Pero no tenía nada que decirle. Se dio cuenta de que le resultaba imposible interpretar la actitud de su mujer. El silencio le ponía enfermo, y poco a poco fue empeorando, hasta el punto en que le dio la impresión de que le faltaba el suelo bajo los pies. Se devanó los sesos tratando de recordar si alguna vez les había pasado algo parecido: les había ocurrido de todo, pero nada como aquello.
Al cabo de un rato, Mildred le miró. Y desapasionadamente le dijo:
—Hoy es mi cumpleaños. Por eso di la fiesta.
—Ah. —El rostro de Cassidy permaneció inexpresivo durante un largo instante. Luego intentó sonreír—. Sabía que estabas enfadada por algo. Supongo que debí recordarlo.

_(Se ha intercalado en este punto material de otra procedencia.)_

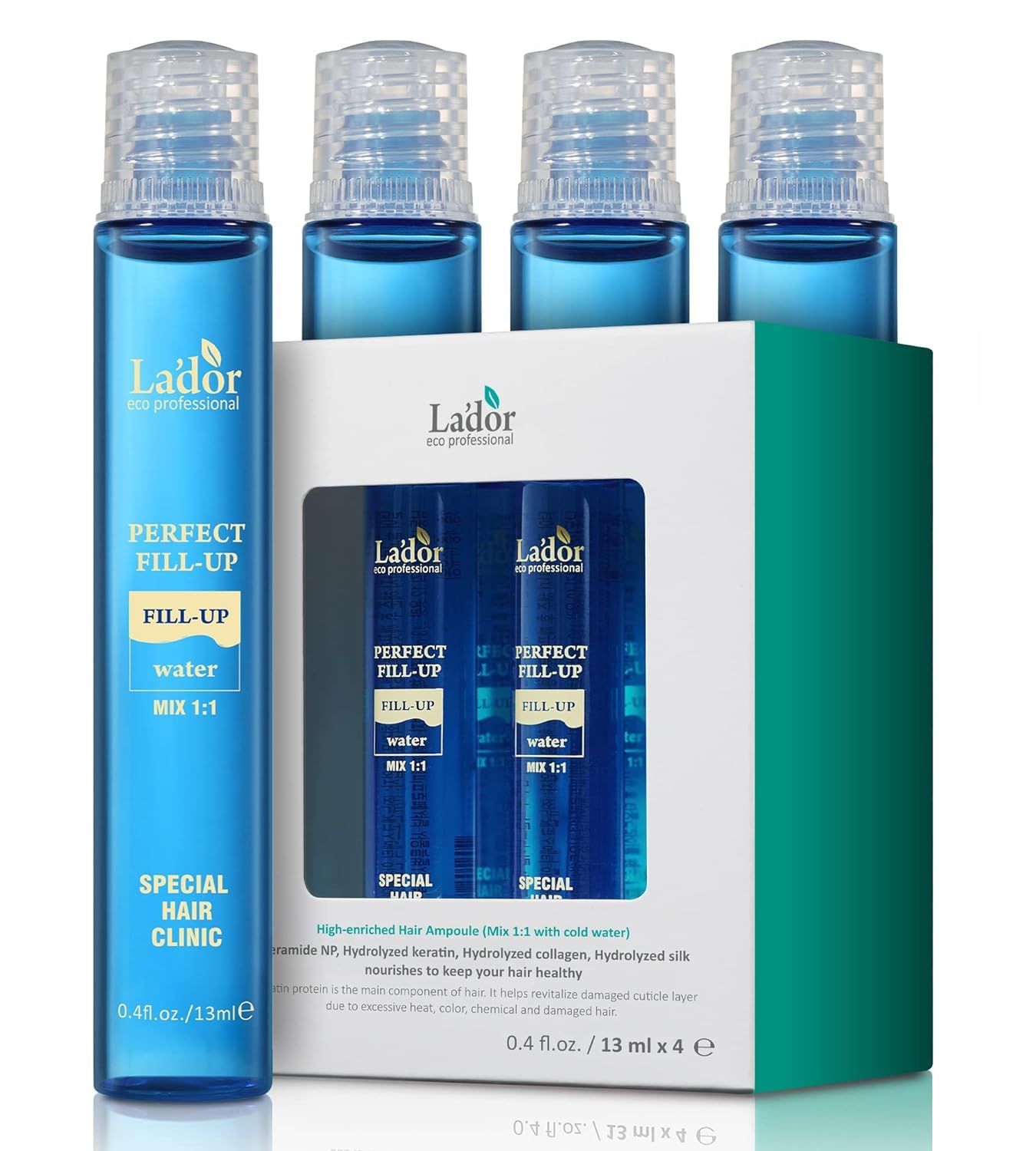 Lavender LA'DOR LADOR Perfect Hair Fill-Up Original 3 Seconds Intensive Keratin Treatment w/Protein for Bleached Frizzy Damaged Dry Hair Care Korean Deep Conditioner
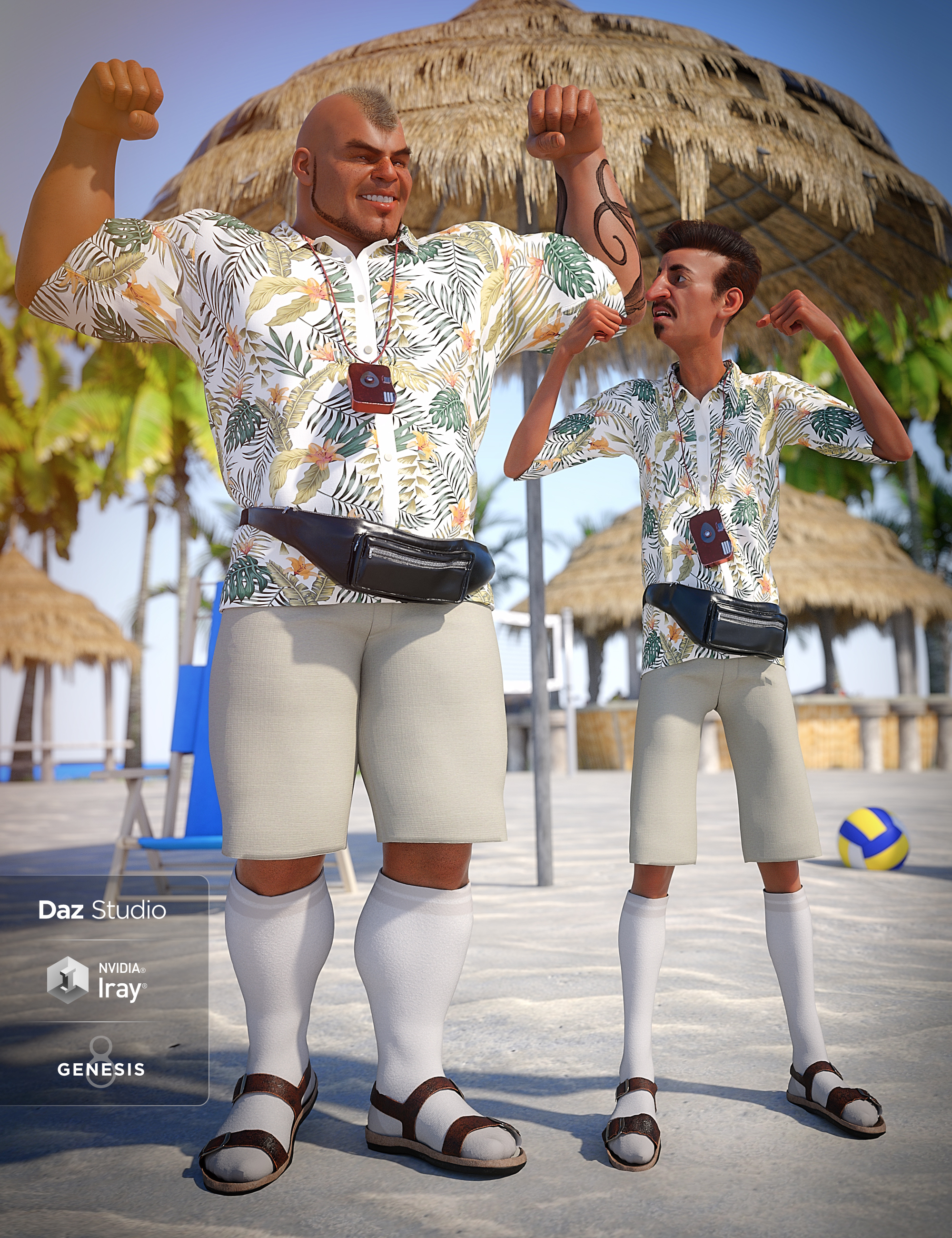 dForce On Vacation Outfit for Genesis 8 Male(s) by: 3D-GHDesignLyrra MadrilSade, 3D Models by Daz 3D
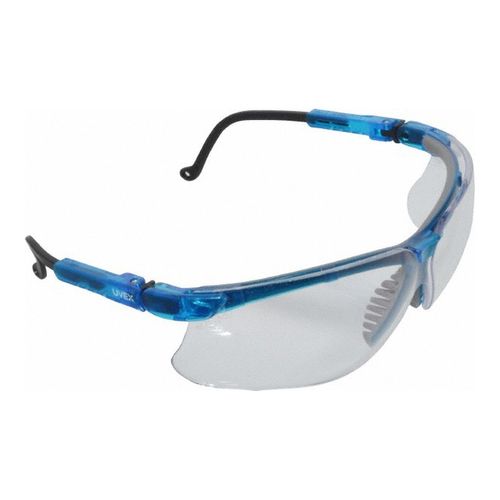 Main product image of Genesis Scratch-Resistant Safety Glasses, Polycarbonate, Clear Lenses, Full-Framed, UV Protection, Vapor Blue Frame, Adjustable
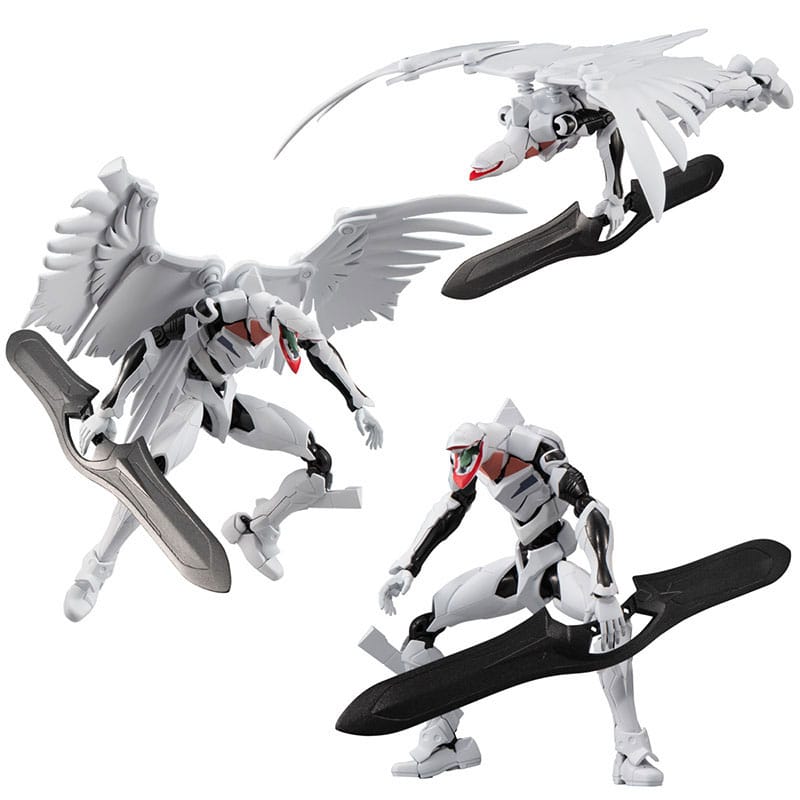 Evangelion Eva-Frame-Ex Actionfigur Neon Genesis Evangelion EVA 3-teiliges Set 13 cm Figmas Yokina
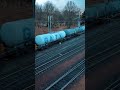 long freight train with two locomotives východočeské dráha train czech viral shorts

Hurgó en el bolsillo del pantalón y encontró un billete de diez dólares. Sonrió con más convicción y le entregó el dinero:
—Ten, cómprate algo.
Mildred miró fijamente el billete de diez dólares que descansaba sobre la palma de su mano y preguntó:
—¿Qué es esto?
—Un regalo de cumpleaños.
—¿Estás seguro? —Su voz sonó grave y tranquila—. Quizá me estés pagando por lo que acaba de ocurrir en el dormitorio. Si es así, no quisiera que te engañases. No ha valido ni un céntimo.
Arrugó el billete y se lo lanzó a la cara. Después, abrió la puerta; Cassidy aún no había acabado de pestañear cuando ella salió corriendo.